What to produce:
Report how many lines of the material below contain the string "para". The reply is that number and no more.

Data to process:
BEGIN
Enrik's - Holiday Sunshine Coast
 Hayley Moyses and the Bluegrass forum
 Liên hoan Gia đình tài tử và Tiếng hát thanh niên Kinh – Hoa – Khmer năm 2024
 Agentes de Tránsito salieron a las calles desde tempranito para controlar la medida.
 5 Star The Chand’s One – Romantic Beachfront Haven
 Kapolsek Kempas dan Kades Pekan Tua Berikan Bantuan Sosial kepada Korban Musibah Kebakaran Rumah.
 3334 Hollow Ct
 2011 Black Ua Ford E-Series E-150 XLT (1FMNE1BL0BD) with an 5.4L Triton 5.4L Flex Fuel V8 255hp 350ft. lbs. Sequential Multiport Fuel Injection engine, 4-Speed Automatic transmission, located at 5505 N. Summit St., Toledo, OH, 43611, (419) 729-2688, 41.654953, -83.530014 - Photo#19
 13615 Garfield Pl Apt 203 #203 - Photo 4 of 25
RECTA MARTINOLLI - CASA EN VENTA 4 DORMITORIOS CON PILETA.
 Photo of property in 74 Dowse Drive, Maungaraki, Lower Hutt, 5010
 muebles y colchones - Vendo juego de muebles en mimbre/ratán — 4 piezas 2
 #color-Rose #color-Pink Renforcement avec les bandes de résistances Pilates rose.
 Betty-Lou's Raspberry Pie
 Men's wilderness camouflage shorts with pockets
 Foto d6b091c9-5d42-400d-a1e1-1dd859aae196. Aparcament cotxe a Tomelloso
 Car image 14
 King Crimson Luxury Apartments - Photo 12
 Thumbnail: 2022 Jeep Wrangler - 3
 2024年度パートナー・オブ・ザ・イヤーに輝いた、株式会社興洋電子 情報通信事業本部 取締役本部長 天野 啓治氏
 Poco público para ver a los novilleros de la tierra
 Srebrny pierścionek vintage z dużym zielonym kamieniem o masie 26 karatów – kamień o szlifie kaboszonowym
END
Task answer:
2